- _What you will do_: Below are lines of data; restate word for word those running from the line containing "高雄市青年事務委員會與嘉義縣" to the line containing "Es herrscht Freude", inclusive, and no others.

- _Data provided_:
================================
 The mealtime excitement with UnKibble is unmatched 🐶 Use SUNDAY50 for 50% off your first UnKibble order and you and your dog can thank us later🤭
================================
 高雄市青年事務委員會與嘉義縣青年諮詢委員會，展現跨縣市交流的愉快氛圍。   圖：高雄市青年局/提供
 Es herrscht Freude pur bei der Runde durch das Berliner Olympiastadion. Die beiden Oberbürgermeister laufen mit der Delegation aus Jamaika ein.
================================
- _Exercise solution_:
 高雄市青年事務委員會與嘉義縣青年諮詢委員會，展現跨縣市交流的愉快氛圍。   圖：高雄市青年局/提供
 Es herrscht Freude pur bei der Runde durch das Berliner Olympiastadion. Die beiden Oberbürgermeister laufen mit der Delegation aus Jamaika ein.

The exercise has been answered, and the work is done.